Pope's men gather in Leeds to help Britain

We are making the final preparations for our international theological conference on the New Evangelisation here at Leeds Trinity next week: http://www.leedstrinity.ac.uk/news_events/VaticanIIconference/Pages/default.aspx . The numbers are looking good - we're inching up to 200 now. That's great because conferences like this usually attract a maximum of about 100 I'm told. However, it's a bit difficult to convey the importance of our deliberations in a press release and the media have been a little slow to respond to the press releases which our excellent PR department has produced. This evening I recalled something a religious affairs journalist once said: if you're not a bishop, we're not interested. The press are drawn by the ecclesiastical celebrity factor. Also, everybody loves a good crisis. Accordingly, I penned the following which I hope will go out in the next day or two. The process reminded me of my three years as a journalist on The Universe before I went to seminary. Happy days (mostly)!

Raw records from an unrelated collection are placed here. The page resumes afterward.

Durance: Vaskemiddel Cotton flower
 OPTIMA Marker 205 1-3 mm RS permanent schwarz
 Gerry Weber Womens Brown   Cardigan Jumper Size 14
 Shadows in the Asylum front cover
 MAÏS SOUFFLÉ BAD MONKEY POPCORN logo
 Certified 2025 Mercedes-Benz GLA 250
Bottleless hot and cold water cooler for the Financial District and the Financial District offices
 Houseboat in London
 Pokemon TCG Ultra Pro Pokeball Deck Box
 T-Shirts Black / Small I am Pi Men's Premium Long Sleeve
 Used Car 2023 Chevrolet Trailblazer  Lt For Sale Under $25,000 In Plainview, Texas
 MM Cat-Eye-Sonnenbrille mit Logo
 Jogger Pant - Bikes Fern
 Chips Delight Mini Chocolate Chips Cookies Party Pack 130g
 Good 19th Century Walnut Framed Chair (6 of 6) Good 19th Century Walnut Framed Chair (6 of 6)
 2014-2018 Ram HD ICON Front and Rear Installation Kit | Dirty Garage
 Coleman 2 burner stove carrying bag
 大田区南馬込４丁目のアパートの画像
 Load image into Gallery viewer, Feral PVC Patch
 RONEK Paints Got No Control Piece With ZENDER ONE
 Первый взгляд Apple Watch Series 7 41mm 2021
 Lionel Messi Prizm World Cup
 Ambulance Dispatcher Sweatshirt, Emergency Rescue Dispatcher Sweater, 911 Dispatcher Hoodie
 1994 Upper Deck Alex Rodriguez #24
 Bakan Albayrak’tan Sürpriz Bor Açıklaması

Pope’s men gather in Leeds to discuss way out of religious crisis

The man charged by Pope Benedict XVI with the task of staunching the flow of Catholics from the pews is to speak at a conference at Leeds Trinity University College this week. Archbishop Salvatore Fisichella heads up the newly created Pontifical Council for the New Evangelisation. Its brief is simple: make people interested in the Catholic faith once again. He will be joined at the conference, which runs from 26th to 29th June, by other Church leaders and top Christian academics.

Mgr Paul Grogan, Leeds Trinity Chaplain and one of the co-organisers of the conference, said: “Our aim is to consider how we can share the most precious treasure we have, our faith, with the people of our society. That means first and foremost, the people of West Yorkshire. Many people profess to be Christians but their faith has become ‘tired.’ Mass attendance in this country is declining. We want to stop that.”

Among the key themes the conference will examine are the following: Should Christians try and persuade Muslims to become Christians? Should Christians seek to bring about political changes in society? Should the Catholic Church become more democratic? Are women treated as second-class citizens in the Catholic Church?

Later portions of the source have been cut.